Wie Präsident Ruedi Lustenberger (CVP/LU) am Dienstag vor den Medien erklärte, hat sich die UREK ein ehrgeiziges Ziel gesteckt. Die Stromproduktion aus einheimischen erneuerbaren Energien soll bis zum Jahr 2030 um 5,4 Terawattstunden oder 10 Prozent des heutigen Elektrizitätsverbrauches erhöht werden. Die Kommission will die Förderpolitik verbindlich gestalten und nicht wie der Bundesrat vorerst für fünf Jahre auf freiwillige Massnahmen bauen, um das Ziel in Etappen zu erreichen. Die UREK sei sich in dieser Stossrichtung einig gewesen, sagte Lustenberger.

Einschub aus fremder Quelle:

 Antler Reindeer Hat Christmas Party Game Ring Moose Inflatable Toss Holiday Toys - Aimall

Kostendeckende Einspeisevergütung

Neue Anlagen zur Stromerzeugung aus Biomasse, Wind, Geothermie und Sonnenenergie sollen künftig eine Einspeisevergütung erhalten, welche die Gestehungskosten deckt. Diese soll die heutige Einspeiseregelung von 15 Rappen pro Kilowattstunde verstärken, die 28 Millionen Franken pro Jahr ausmacht. Finanziert werden diese Fördermassnahmen durch einen Zuschlag auf den Kosten der Netznutzung. Um die Endverbraucher nicht zu stark zu belasten, soll der Zuschlag auf 0,3 Rappen pro Kilowattstunde begrenzt werden. Das entspricht laut Lustenberger gemessen am heutigen Verbrauch rund 165 Millionen pro Jahr. Wollen die Betreiber der Stromnetze von diesem Zuschlag profitieren, müssen sie wettbewerbliche Ausschreibungen für die Erneuerung der bestehenden Wasserkraftwerke durchführen. Die Wasserkraft soll nach den Vorstellungen der UREK 2 bis 2,5 Terawattstunden ans Ziel beisteuern.

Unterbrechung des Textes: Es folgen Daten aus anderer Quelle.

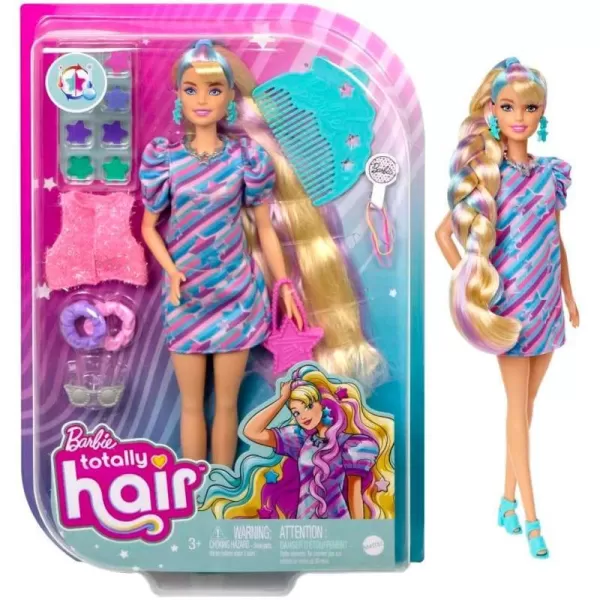 Barbie Totally Hair Doll StarThemed with 85Inch Fantasy Hair amp 15 Styling Accessories 8 with ColorChange FeatureStar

Links-grünes Lager gewinnen

Heute wende der Bund zur Förderung der erneuerbaren Energien und der Kleinwasserkraftwerke rund 70 Millionen jährlich auf, sagte Lustenberger. Die UREK hoffe, mit den zusätzlichen 165 Millionen das links-grüne Lager für das Stromversorgungsgesetz zu gewinnen. Die Frage der Förderung der effizienten Stromverwendung wird am 9./10. Mai behandelt. Schon früher hatte die UREK gegen den Bundesrat beschlossen, den Strommarkt in einem Schritt zu öffnen. Das Gesetz, welches das 2002 am Volksmehr gescheiterte Elektrizitätsmarktgesetz ersetzen soll, kommt im Sommer ins Plenum.